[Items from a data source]
------------------------------------
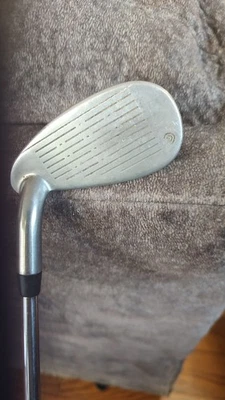 CLEVELAND VAS 3 IRON STEEL RH - Image 1 of 4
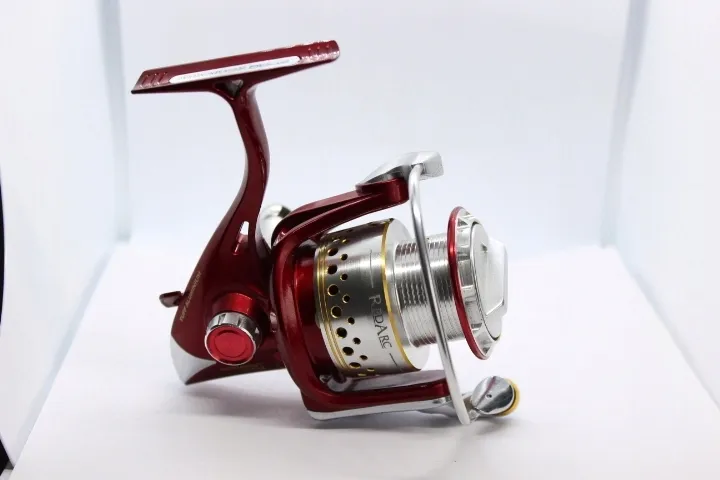 spinningowy-kolowrotek-spro-red-arc-3000-waga-305-g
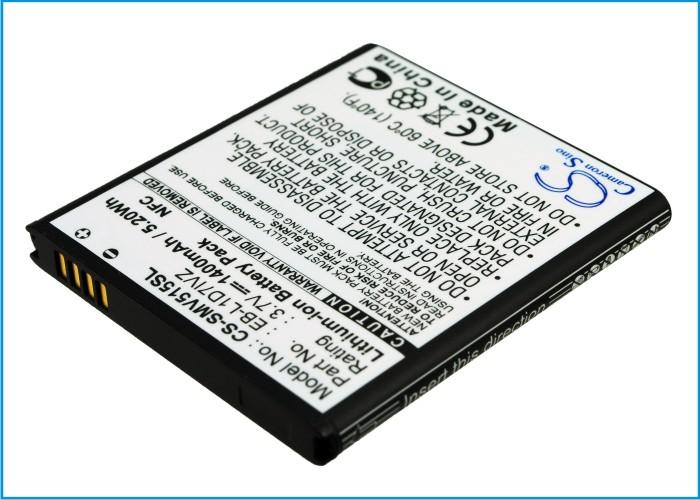 Cameron Sino 1400 mAh for Samsung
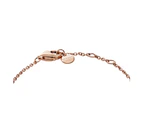 Skagen Agnethe Rose Gold Bracelet SKJ0999791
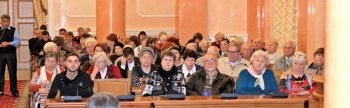 Общественное обсуждение проблем реформирования ЖКХ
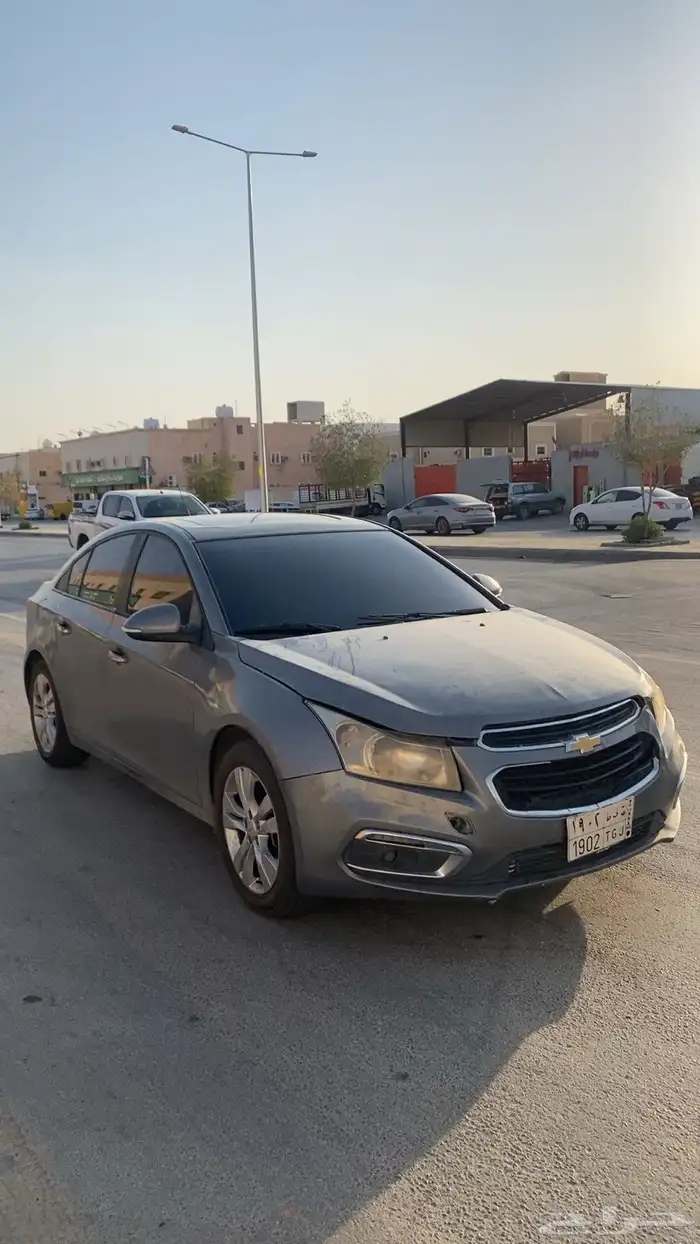 كروز 0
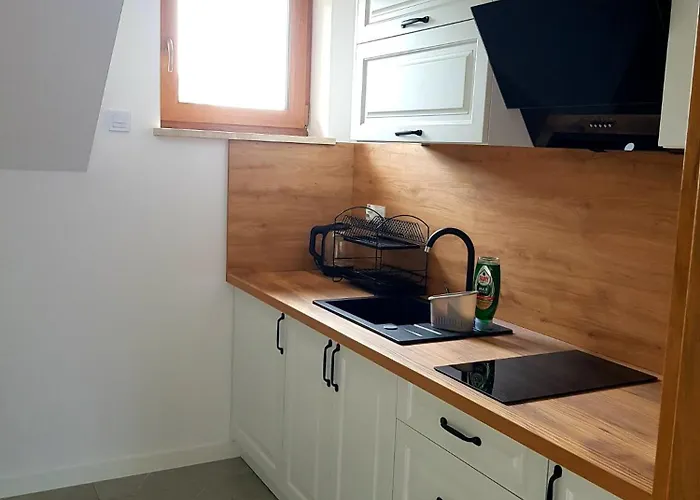 Bauernhof Surzynowka Stryszawa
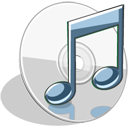 itunes icon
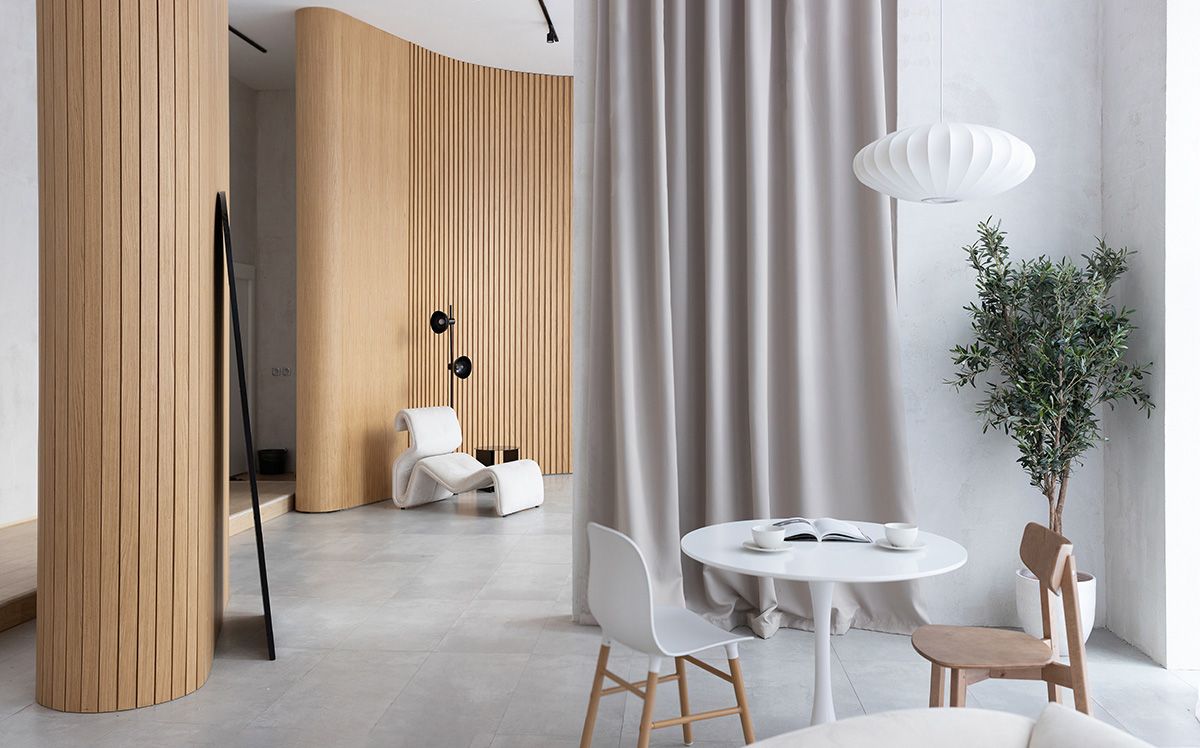 Аренда фотостудии Фотостудия МИМИКА МОСКВА Зал Фуджи в Москве | Фото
------------------------------------
▶ [What the task asks]
Your task is to restate word for word the lines from the one containing "Skagen Agnethe Rose Gold Bracelet SKJ0999791" through the last line of the data, both ends included, with no pictures.

▶ [Written answer]
 Skagen Agnethe Rose Gold Bracelet SKJ0999791
 Общественное обсуждение проблем реформирования ЖКХ
 كروز 0
 Bauernhof Surzynowka Stryszawa
 itunes icon
 Аренда фотостудии Фотостудия МИМИКА МОСКВА Зал Фуджи в Москве | Фото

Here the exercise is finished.